This exercise calls for retyping every line below exactly, with the images omitted.

━━━━━━━━━━━━━━━━━━━━

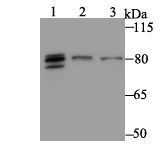 Lane 1: Rat Brain; Lane 2: A431 Cells; Lane 3: 293 Cells; Probed with MARK3 (2F7) Monoclonal Antibody (bsm-54462R) at 1:500, overnight at 4°C followed by a conjugated secondary antibody for 60 minutes at 37°C.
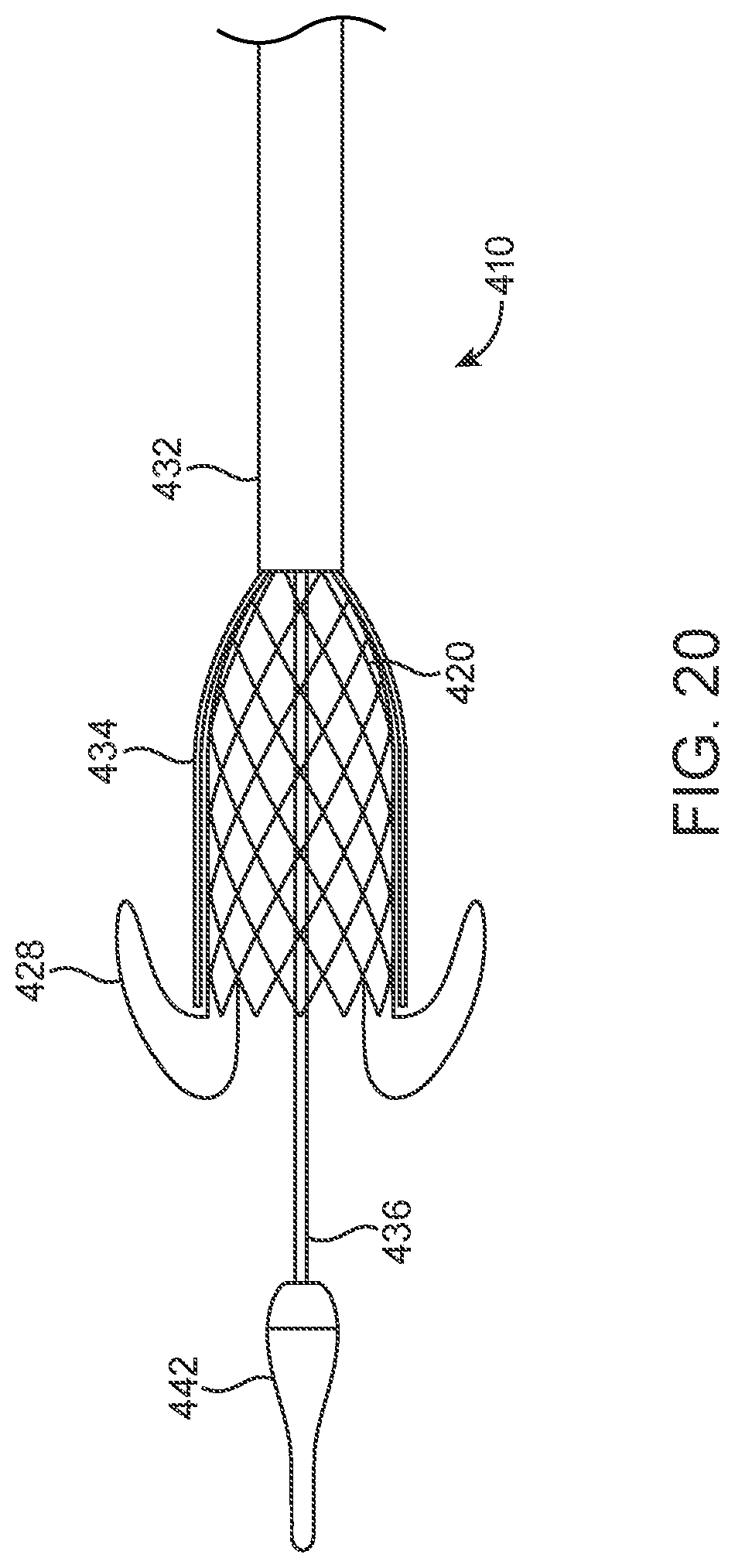 Patent US12318293 Figure 12 – System and method of stepped deployment of prosthetic heart valve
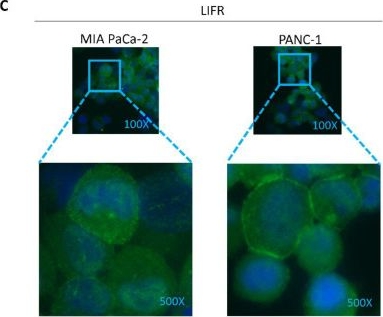 Fig.2.C showing Immunocytochemistry-immunofluorescence in a Homo sapiens (Human) sample from the publication: Repositioning Mifepristone as a Leukaemia Inhibitory Factor Receptor Antagonist for the Treatment of Pancreatic Adenocarcinoma.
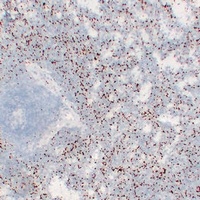 CD61 Mouse Monoclonal Antibody
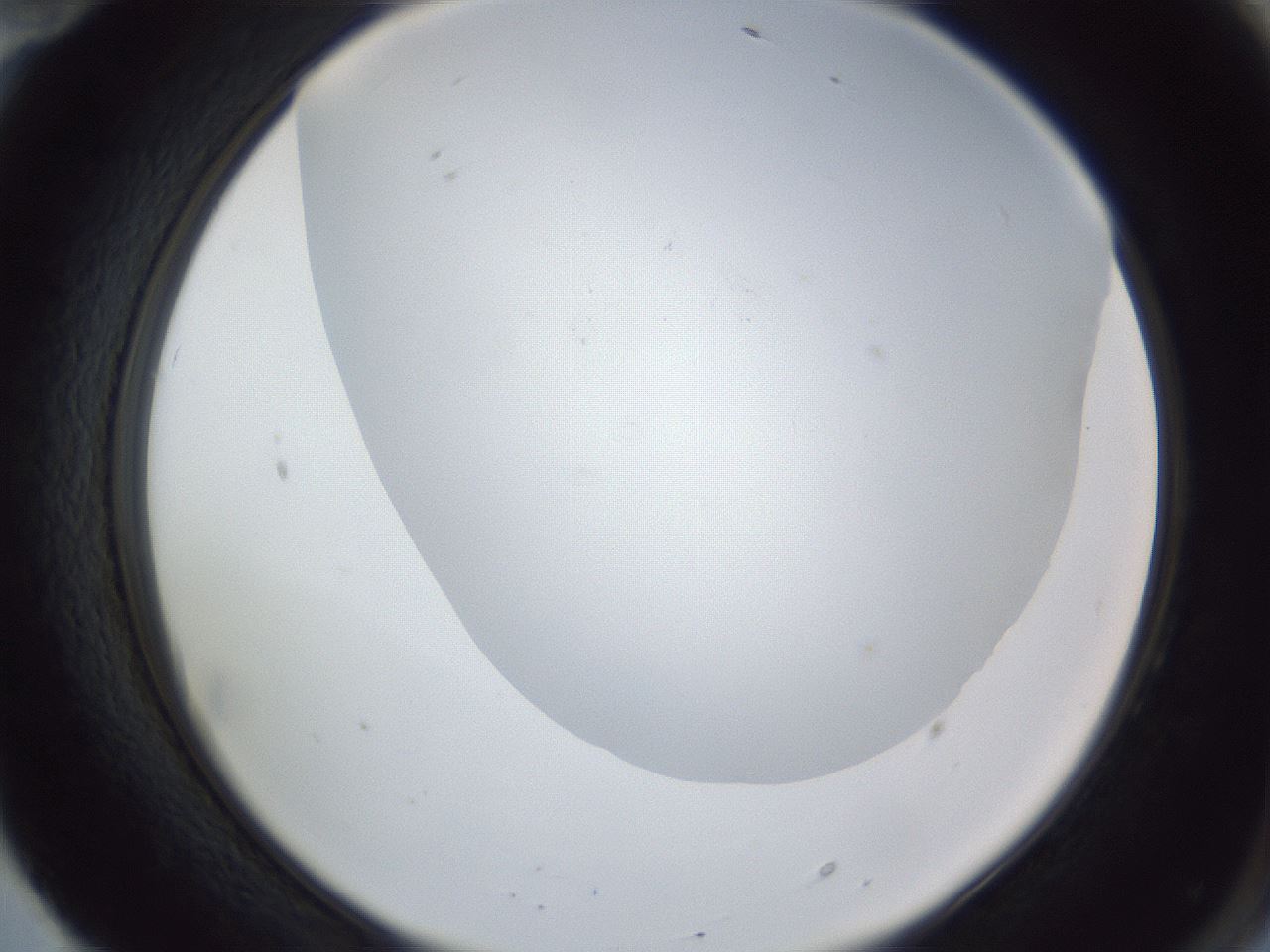 folderID161_plateID1161_batchID3209_wellNum70_profileID1_d2_r63338_ef.jpg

━━━━━━━━━━━━━━━━━━━━

▶ RESPONSE BELOW
 Lane 1: Rat Brain; Lane 2: A431 Cells; Lane 3: 293 Cells; Probed with MARK3 (2F7) Monoclonal Antibody (bsm-54462R) at 1:500, overnight at 4°C followed by a conjugated secondary antibody for 60 minutes at 37°C.
 Patent US12318293 Figure 12 – System and method of stepped deployment of prosthetic heart valve
 Fig.2.C showing Immunocytochemistry-immunofluorescence in a Homo sapiens (Human) sample from the publication: Repositioning Mifepristone as a Leukaemia Inhibitory Factor Receptor Antagonist for the Treatment of Pancreatic Adenocarcinoma.
 CD61 Mouse Monoclonal Antibody
 folderID161_plateID1161_batchID3209_wellNum70_profileID1_d2_r63338_ef.jpg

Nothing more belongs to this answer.